> [Aim of the exercise]: All that is wanted is the exact text of the lines below from the one with "These are the" through the one with "Simply reset the", inclusive, minus any pictures.

Source records
_ _ _ _ _ _ _
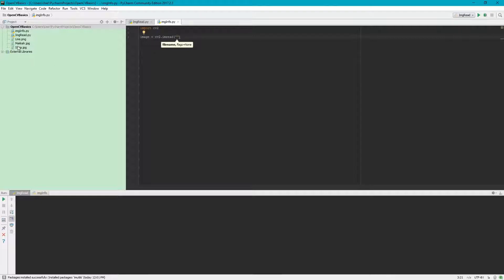Right now we are using this cria.jpg which is beside this imageinfo.py, so we will name this cria.jpg.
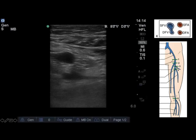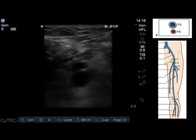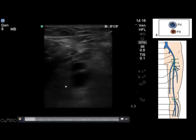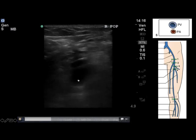Again, you're going to move along the superficial femoral vein, examining and compressing every one to two centimeters, satisfying yourself that there is no clot present, until you get to the most distal and fifth and final point of vascular bifurcation which lies in the popliteal fossa.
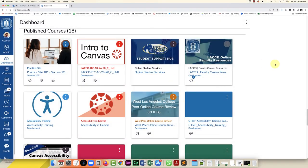Hello everybody. In this video I'm going to show you how to export a Canvas course into a zip file and share it with another instructor via OneDrive.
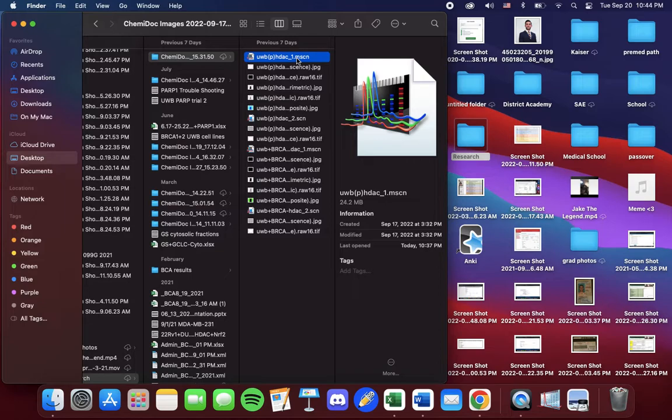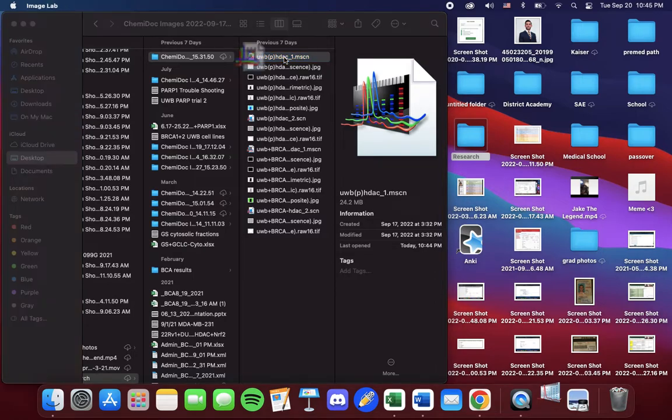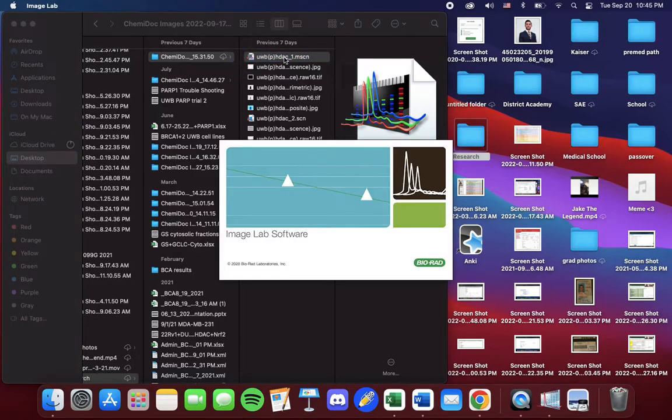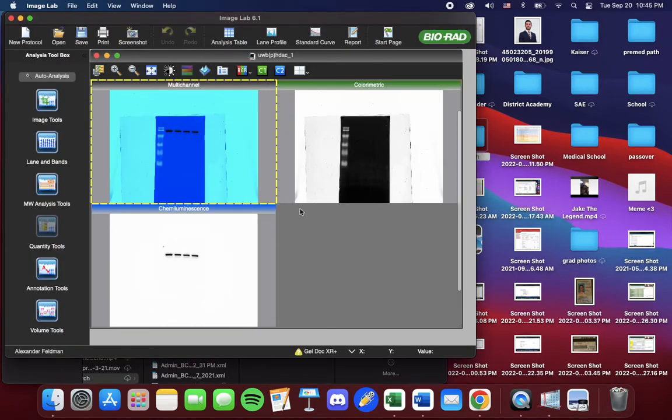These are the images produced from the multi-image. So we open it up and it will automatically open up with ImageLab software, the program.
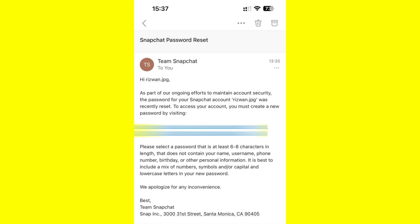Simply reset the password. Once you sign in with the new password, Snapchat will not ask you for the two-factor authentication code.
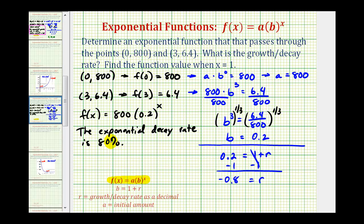What this means is each time x increases by 1, the function value decreases by 80%. The base of our function is 0.2, so every time x increases by 1, we multiply by another factor of 0.2. This means the function value is decaying by 80% — it retains 20% of its value each time x increases by 1.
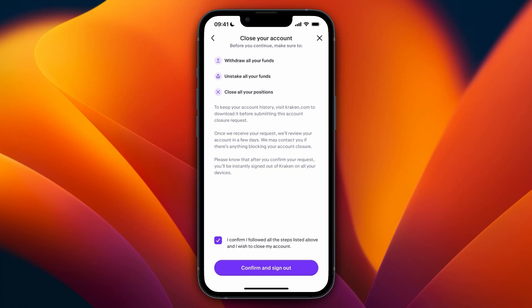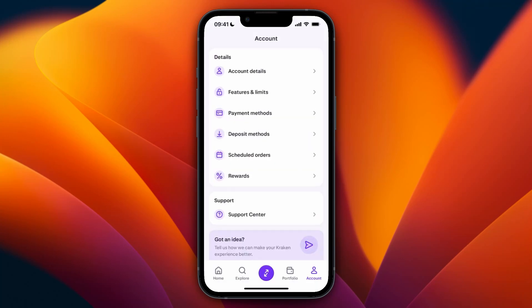these steps. They may contact you if there's anything blocking your account closure, but if there's not and everything is ready for closure, they will go in and delete your account after that. So now you know how to delete your Kraken account.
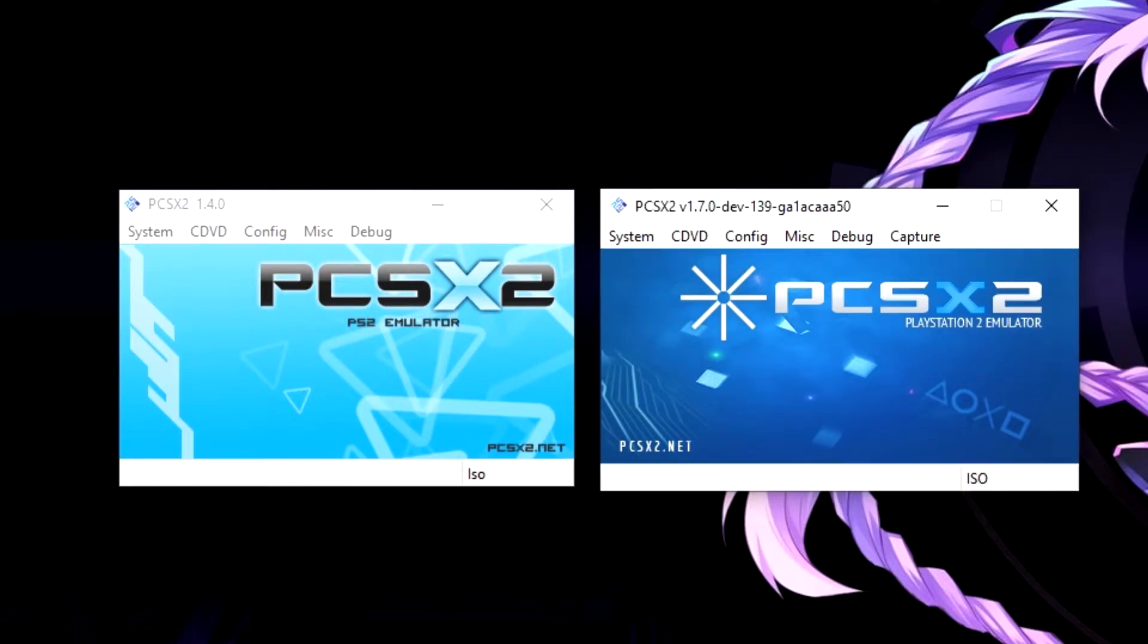Hello everyone and welcome to this video. In this video I'm going to be showing you various fixes and solutions to common problems found within the PS2 emulator PCSX2.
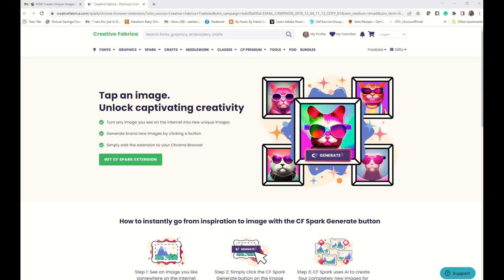Alright guys, so Creative Fabrica Spark has just added new functionality and I think it's pretty awesome. I'm going to show you how to use it.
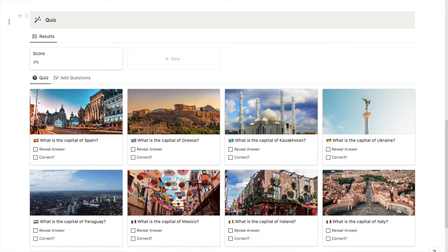Hey everyone, it's Meg from Creative Cove here. Today I have a super exciting tutorial for you. I'm going to be showing you how to create an interactive quiz on Notion. Notion is actually a really versatile tool and with a bit of creativity you can use it for various purposes including quizzes. First I'm going to give you a little tour of the quiz and explain how it works, and then I'll show you step by step how to set this up for yourself.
_ _ _ _ _ _ _
> [Solved problem]:
These are the images produced from the multi-image. So we open it up and it will automatically open up with ImageLab software, the program.
Simply reset the password. Once you sign in with the new password, Snapchat will not ask you for the two-factor authentication code.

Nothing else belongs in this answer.